I swear god or herbie drove my car home
i guess i had fun last thursday night because when i got on the drunk bus this thursday night everyone immediatley started chanting my name and telling me to do a bus flip
whats a bus flip?
idk but apparently i invented it
Dude you didn't move for like 2 hours then suddenly sang the chorus to ghetto superstar and passed back out
Meet me at the corner of "what the fuck" and"how'd you get in my bed" in 10 minutes.
Restaurants Roasting People Who Gave Them Negative Yelp Reviews (25 Pics)
... Already stepped in vomit and got a dirty look from a fat in a neck brace
I can't even type what I drank. I'll throw up
shes on the ground doing bicycle kicks screaming "is my ass good enough for you now satan" send help
Was the first guy that bit your neck last night wearing a trenchcoat...I have a vague memory.
we got kicked out of the bar last night for sneaking into the back kitchen and eating handfulls of cheese in the walk in fridge
Woman Posts Harassing DMs From Creep Online, Now He’s Upset Because People Told His Mom
It's cool dude.
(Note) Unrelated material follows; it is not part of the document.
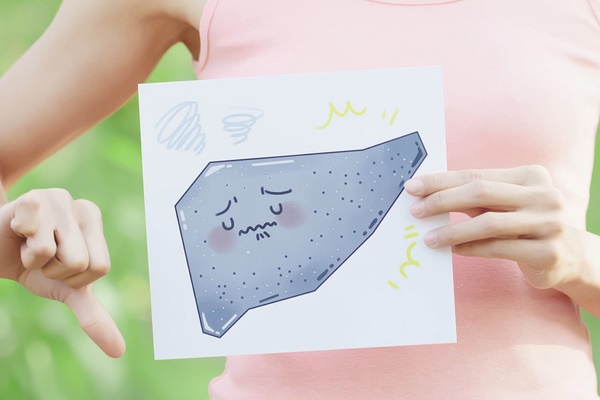 Uống sữa sai cách suốt 3 năm liền, nữ sinh 17 tuổi bị chẩn đoán ung thư dạ dày-5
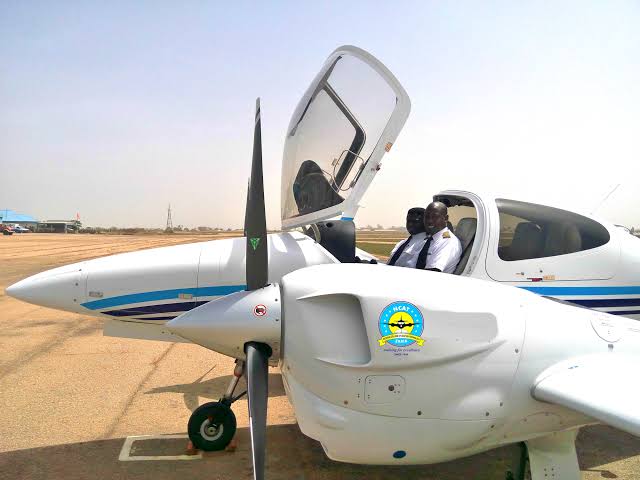 OvieAli's tweet photo. Nigeria receives final batch of the 6 aircraft to train pilots in Nigeria , and other African countries. The nation used to spend $500,000 monthly to South Africa and Niger Republic for aircraft calibration hiring, but they have also bought a calibration plane to save $1m yearly. https://t.co/1Esv5o7LB3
The dank is in the form of premade smores with honey grahm crackers, marshmallow cream and 420 brand choc. bars. NV weed laws have nothing on me.
Last night was just a whirlwind of Mario Brothers and sex.
Currently tripping balls and watching Pink Floyd the wall and I'm crying during it. If this isn't a self realization then I don't know what to tell you.
He just showed up at my house with a giant box of Trojans and a 6-pack of Yoohoo "for a special treat afterwards". I'm in love.
She super glued his penis to his testicles. And shaved off a good portion of his hair after he passed out at the party.
You have ten minutes starting with this message to get here. Or I'm putting my clothes back on.